Currently Nutanix NX nodes support Intel Platinum 8180 processors which have 28 physical cores @ 2.5 GHz per socket for a total of 56 physical cores (112 threads).

If you had say an existing physical server using a fairly modern Intel Broadwell E5-2699 v4 with dual 22 physical core processors, you have a total SPECint_rate of 1760 or 40 per core.

Compare that to the Intel Platinum 8180 processor and you have a total SPECint_rate of 2720 or 48.5 per core.

This is an increase per core of 21.25%.

So if you’re moving from that physical server using Intel Broadwell E5-2699 v4 CPUs (44 cores) and you move that workload to Nutanix with ZERO CPU overcommitment (vCPU:pCore ratio 1:1) using the Intel Platinum 8180 processor, assuming we reserve 8 pCores for the CVM we still have 48 pCores for the SQL VM.

That’s a SpecIntRate of 2328 which is higher than the physical server using all cores.

That’s over 32% more CPU performance for the Virtual Machine compared to the dedicated physical server.

The reality is the Nutanix CVM and Acropolis Distributed Storage Fabric (ADSF) provides high performance, low latency storage which also drives further CPU efficiency by eliminating CPU WAIT (CPU cycles wasted waiting for I/O to complete).

As you can see from this simple example, a Virtual Machine on Nutanix can easily replace even a modern physical server and even provide better performance with only one generation newer CPU. Think about how your 3-5 year old physical servers will feel when they jump multiple generations of CPU and get scale out flash based storage.

Example 2: A VM (genuinely) needs more CPU/RAM than Nutanix nodes have.

SQL/Oracle DBA: Our application/s is needs more CPU/RAM than our biggest node/s can provide.

Nutanix: You have several options:

a) Purchase one or more larger node (e.g.: NX-8035-G6 w/ Intel Platinum or Gold Processors, add them to the existing cluster and live migrate your VM/s to that/those nodes. Use affinity rules to keep critical VMs on the highest performance nodes.

Nutanix supports mixing different hardware types/generations in the same cluster and this can be a preferred option over creating a dedicated cluster for several reasons.

  • Larger clusters provide more targets for replication traffic (i.e.: RF2 or RF3) meaning lower average write latency
  • Larger clusters provide higher resiliency as they can potentially tolerate more failures and rebuild follow a drive/node or nodes failing faster.
  • Larger clusters help ensure the impact of a failure is lower as a lower percentage of cluster resources are lost

b) Purchase one or more larger node (e.g.: NX-8035-G6 w/ Intel Platinum or Gold Processors, and create a new cluster and migrate your VM/s to that cluster.

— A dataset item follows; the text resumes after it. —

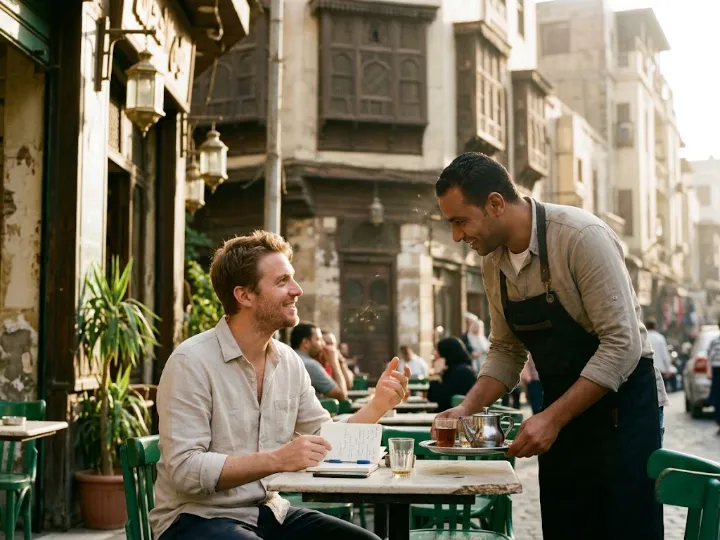 An expat practising Egyptian Arabic with a friendly waiter at a Cairo street cafe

A dedicated cluster may sound attractive, but in most cases I recommend mix workload clusters as they ultimately provide higher performance, resiliency and flexibility.

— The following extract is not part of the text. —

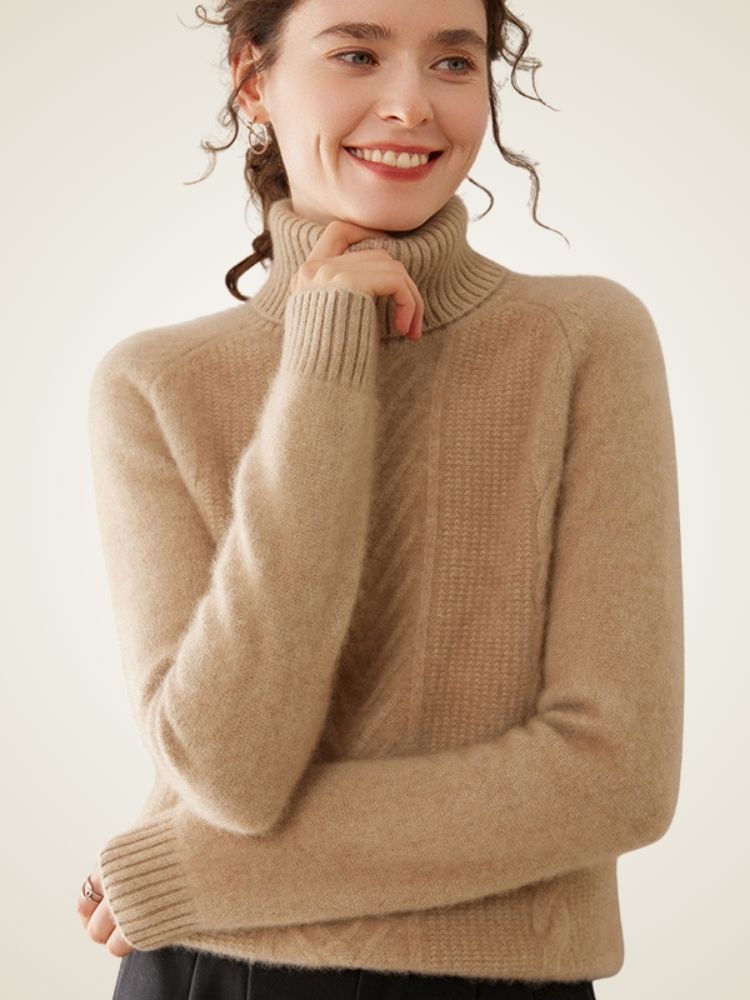 Lucinda - Textured Cashmere Turtleneck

c) Scale out your workloads

Applications like MS Exchange, MS SQL and Oracle RAC can (and arguably should) be scaled out rather than scaled up as doing so provides increased performance, resiliency and reduces overall infrastructure costs (e.g.: More cheaper/smaller processors can be used as opposed to premium processors like Intel Platinum series).

One large VM hosting dozens of databases is rarely a good idea, so scale out and run more VMs, distributed across your Nutanix cluster and spread the workload across all the VMs.

For 99% of workloads, I do not see the real world value of compute only nodes. But there are always exceptions to every rule.

Potential Exceptions:

Example 3: Re-using existing hardware

SQL DBA: I love my Nutanix gear (duh!) but I have some physical servers which wont be end of life for 12 months, can I continue using them with Nutanix?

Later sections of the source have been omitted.